The U.S. Department of Commerce announced Wednesday it will stick by an April decision to lift import duties on 32 Vietnamese shrimp exporters, following a review by the department’s International Trade Commission.
Those companies had been subjected to a 4.58 percent duty – essentially a tax to account for what U.S. shrimp producers contend are unfair advantages enjoyed by Asian warm-water shrimp companies.
It was all part of a 13th administrative review of shrimp imports by Commerce officials, who could have imposed duties over 25 percent on the Vietnamese products.
“Every country that exports shrimp to the U.S. is going through their review now,” said David Veal, executive director of the American Shrimp Processors Association, which advocates for U.S. shrimp producers and is a contestant in the regular cycle of petitioning Commerce officials to examine the market.
This round pitted the ASPA and its 185 U.S. companies with the Ad Hoc Shrimp Trade Action Committee and various companies in Vietnam. The final review started in May, and a Federal Register notice this week announced that Commerce would rescind the duty.
In its anti-dumping investigations the department picks a handful of companies to examine their costs, pricing and other factors, using the results as a proxy for the larger industry, Veal explained.
It’s an evolving regulatory process.
“As time goes on, those (foreign) companies get better and better with their records,” he said. “They learn how the game gets played, as all businesses do.”
The decision will not have much noticeable effect on the market. Vietnam already exports more than 58,000 metric tons of frozen shrimp to the U.S. annually, just part of Vietnam’s annual $1.9 billion in global sales that in 2018 placed in No. 3 in the world with almost 11 percent of frozen shrimp production.

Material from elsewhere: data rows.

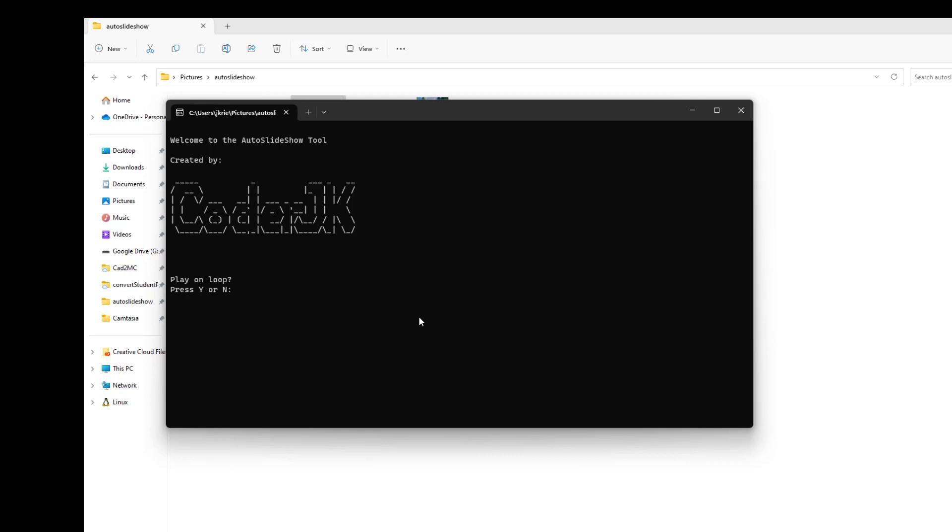First it wants to know if you want to play it on a loop. If you'd like it to just keep playing from the beginning every time it works its way through all the pictures, choose yes. I'm going to say no so we can see it stop when it's done.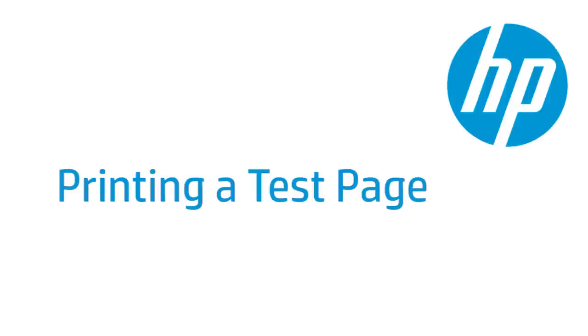This video shows how to print a test page for your HP printer. A test page provides useful information about your printer. In addition, printing a test page from the printer's control panel is often a helpful troubleshooting step.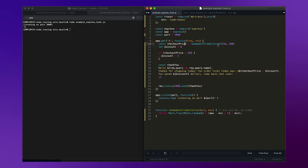So it receives a request, it determines how much the customer spent, somewhere between $10 and $100, and then it maybe applies a discount and sends a response saying thanks for shopping, here's what you spent today, here's how much you saved.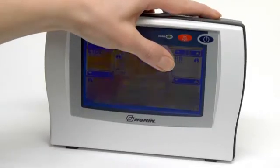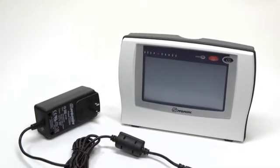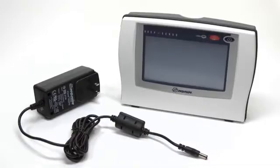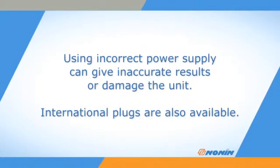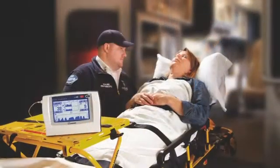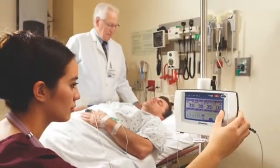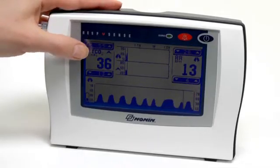The monitor has a wide touchscreen for easy programming and operation. It can be run with a provided power supply attached to standard AC wall power or an internal rechargeable battery pack. Using an incorrect power supply can give inaccurate results or damage the unit. The monitor is ideal for both stationary and mobile monitoring applications, as well as for continuous monitoring or spot checks.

The tariff recession comes days before a new Louisiana state law takes effect requiring restaurants to disclose to customers when they are serving imported shrimp. That measure has been long sought by the U.S. industry, whose advocates contrast wild American shrimp with farmed product from Asia that is lightly regulated and rarely inspected.
The law will have a limited effect apart from forcing restaurants to be honest with their customers, says Veal and other advocates.
“The fact is that restaurants buy on cost like anyone else,” and the price differential between U.S. and imported shrimp can be $1 to $2 per pound, Veal said.
“The thing it will do is force them to be honest with the public,” he added.